▸ Task item: Only the lines below between the one holding "Watch as orphaned" and the one holding "新緑の葉っぱのフレーム囲み飾り枠イラスト", inclusive, are to be reproduced word for word; the pictures are to be left out.

▸ Given data:
· · · · ·
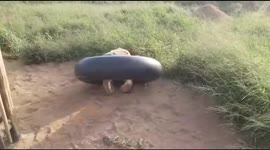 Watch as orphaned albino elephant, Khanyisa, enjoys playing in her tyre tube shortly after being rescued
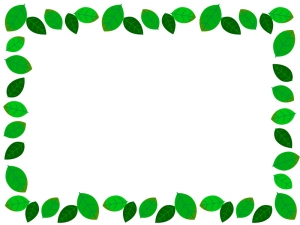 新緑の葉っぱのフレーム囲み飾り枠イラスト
· · · · ·
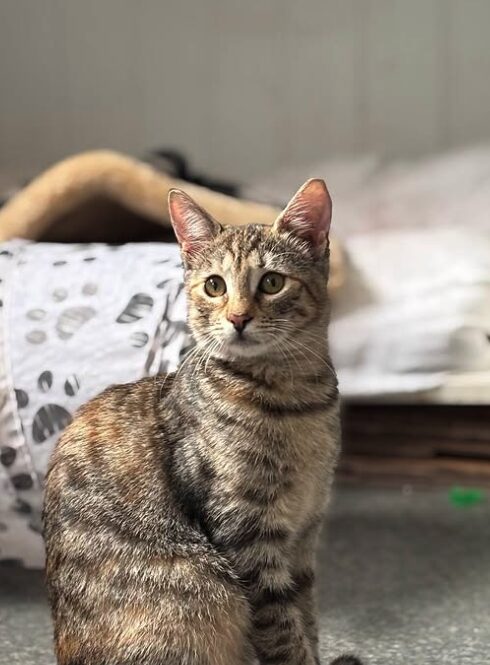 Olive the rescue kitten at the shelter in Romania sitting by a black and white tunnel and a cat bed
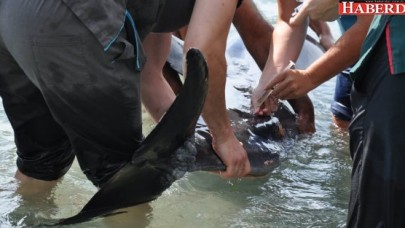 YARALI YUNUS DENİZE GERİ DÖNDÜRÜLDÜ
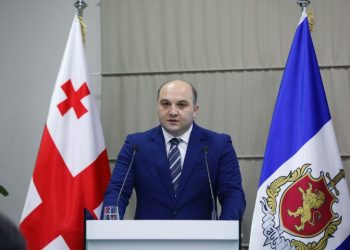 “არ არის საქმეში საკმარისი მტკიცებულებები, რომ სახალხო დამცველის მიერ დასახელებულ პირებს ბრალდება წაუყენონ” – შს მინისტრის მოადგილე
· · · · ·
▸ Written reply:
 Watch as orphaned albino elephant, Khanyisa, enjoys playing in her tyre tube shortly after being rescued
 新緑の葉っぱのフレーム囲み飾り枠イラスト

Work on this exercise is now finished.